### WORK REQUIRED
Starting with the line that contains "Elegant 2BR Apartment", reproduce each line through the end of the entries exactly as written.

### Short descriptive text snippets
%%

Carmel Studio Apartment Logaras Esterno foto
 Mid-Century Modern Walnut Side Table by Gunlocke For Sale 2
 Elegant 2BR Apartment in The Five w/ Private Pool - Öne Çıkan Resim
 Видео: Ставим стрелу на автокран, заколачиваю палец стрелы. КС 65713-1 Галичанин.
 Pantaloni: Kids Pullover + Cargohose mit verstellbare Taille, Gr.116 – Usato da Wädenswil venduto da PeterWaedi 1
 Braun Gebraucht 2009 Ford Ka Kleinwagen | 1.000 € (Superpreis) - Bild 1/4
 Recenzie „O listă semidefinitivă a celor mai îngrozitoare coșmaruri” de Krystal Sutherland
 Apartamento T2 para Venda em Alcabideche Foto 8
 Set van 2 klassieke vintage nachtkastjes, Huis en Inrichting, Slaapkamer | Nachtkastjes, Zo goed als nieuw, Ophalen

%%

### RESULT
 Elegant 2BR Apartment in The Five w/ Private Pool - Öne Çıkan Resim
 Видео: Ставим стрелу на автокран, заколачиваю палец стрелы. КС 65713-1 Галичанин.
 Pantaloni: Kids Pullover + Cargohose mit verstellbare Taille, Gr.116 – Usato da Wädenswil venduto da PeterWaedi 1
 Braun Gebraucht 2009 Ford Ka Kleinwagen | 1.000 € (Superpreis) - Bild 1/4
 Recenzie „O listă semidefinitivă a celor mai îngrozitoare coșmaruri” de Krystal Sutherland
 Apartamento T2 para Venda em Alcabideche Foto 8
 Set van 2 klassieke vintage nachtkastjes, Huis en Inrichting, Slaapkamer | Nachtkastjes, Zo goed als nieuw, Ophalen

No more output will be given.